[Start of Attachment]
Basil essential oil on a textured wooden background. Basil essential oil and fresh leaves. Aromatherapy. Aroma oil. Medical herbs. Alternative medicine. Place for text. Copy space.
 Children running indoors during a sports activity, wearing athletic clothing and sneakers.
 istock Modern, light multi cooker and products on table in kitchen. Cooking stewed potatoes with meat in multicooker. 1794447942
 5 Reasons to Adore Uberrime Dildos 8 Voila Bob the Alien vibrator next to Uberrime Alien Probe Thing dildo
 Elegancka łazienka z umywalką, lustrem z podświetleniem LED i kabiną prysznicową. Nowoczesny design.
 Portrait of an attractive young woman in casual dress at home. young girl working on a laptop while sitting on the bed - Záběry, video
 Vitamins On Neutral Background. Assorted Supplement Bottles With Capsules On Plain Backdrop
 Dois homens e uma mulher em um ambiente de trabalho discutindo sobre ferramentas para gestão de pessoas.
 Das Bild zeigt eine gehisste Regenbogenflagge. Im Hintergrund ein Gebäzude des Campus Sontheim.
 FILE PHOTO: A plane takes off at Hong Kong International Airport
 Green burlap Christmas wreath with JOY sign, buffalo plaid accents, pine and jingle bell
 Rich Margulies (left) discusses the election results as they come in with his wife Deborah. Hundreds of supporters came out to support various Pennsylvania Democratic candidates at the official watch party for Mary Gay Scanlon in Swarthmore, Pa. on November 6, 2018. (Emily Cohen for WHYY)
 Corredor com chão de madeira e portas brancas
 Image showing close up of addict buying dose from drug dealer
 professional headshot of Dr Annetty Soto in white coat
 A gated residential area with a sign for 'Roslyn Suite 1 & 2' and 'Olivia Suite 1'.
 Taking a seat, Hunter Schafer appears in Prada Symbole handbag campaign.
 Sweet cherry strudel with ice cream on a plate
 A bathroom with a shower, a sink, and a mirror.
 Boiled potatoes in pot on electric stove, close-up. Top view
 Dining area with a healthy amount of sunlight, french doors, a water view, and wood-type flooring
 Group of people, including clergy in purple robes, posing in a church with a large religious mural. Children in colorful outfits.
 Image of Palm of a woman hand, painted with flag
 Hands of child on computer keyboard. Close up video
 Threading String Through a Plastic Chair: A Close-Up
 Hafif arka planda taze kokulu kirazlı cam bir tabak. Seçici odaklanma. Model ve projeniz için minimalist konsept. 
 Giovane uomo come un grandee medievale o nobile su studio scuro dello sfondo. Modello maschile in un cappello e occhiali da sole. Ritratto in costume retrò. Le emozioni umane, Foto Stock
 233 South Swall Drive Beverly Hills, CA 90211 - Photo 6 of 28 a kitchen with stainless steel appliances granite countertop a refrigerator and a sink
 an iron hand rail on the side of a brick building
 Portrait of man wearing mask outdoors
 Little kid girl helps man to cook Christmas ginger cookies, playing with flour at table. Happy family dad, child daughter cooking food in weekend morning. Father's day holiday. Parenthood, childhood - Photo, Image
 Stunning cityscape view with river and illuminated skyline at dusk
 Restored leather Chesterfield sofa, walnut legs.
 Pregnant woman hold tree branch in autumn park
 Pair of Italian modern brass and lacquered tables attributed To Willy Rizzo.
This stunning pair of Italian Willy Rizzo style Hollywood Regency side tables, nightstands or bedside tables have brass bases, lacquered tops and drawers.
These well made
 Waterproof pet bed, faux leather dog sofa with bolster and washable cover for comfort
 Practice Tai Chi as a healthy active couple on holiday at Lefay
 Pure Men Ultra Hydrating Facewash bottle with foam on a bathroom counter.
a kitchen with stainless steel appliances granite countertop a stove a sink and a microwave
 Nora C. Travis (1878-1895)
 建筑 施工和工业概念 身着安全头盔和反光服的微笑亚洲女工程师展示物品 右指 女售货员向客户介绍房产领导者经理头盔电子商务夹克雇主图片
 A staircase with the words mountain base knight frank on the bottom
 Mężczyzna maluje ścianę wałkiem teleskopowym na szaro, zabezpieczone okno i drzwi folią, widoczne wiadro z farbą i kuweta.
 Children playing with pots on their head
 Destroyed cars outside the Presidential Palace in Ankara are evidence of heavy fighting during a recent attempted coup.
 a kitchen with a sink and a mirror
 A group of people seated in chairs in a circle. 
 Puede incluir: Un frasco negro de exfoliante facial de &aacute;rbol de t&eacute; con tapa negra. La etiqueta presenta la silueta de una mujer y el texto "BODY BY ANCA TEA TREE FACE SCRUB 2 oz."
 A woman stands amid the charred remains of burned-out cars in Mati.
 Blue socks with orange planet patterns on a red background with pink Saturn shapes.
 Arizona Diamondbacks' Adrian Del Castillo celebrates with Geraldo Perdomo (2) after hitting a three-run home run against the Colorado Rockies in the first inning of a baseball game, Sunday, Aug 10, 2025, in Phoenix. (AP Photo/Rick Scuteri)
[End of Attachment]
Problem description.
From the records above, retype only the lines starting at the line that contains "Practice Tai Chi" and ending at the line that contains "建筑 施工和工业概念 身着安全头盔和反光服的微笑亚洲女工程师展示物品", both included.

Response to this exercise.
 Practice Tai Chi as a healthy active couple on holiday at Lefay
 Pure Men Ultra Hydrating Facewash bottle with foam on a bathroom counter.
a kitchen with stainless steel appliances granite countertop a stove a sink and a microwave
 Nora C. Travis (1878-1895)
 建筑 施工和工业概念 身着安全头盔和反光服的微笑亚洲女工程师展示物品 右指 女售货员向客户介绍房产领导者经理头盔电子商务夹克雇主图片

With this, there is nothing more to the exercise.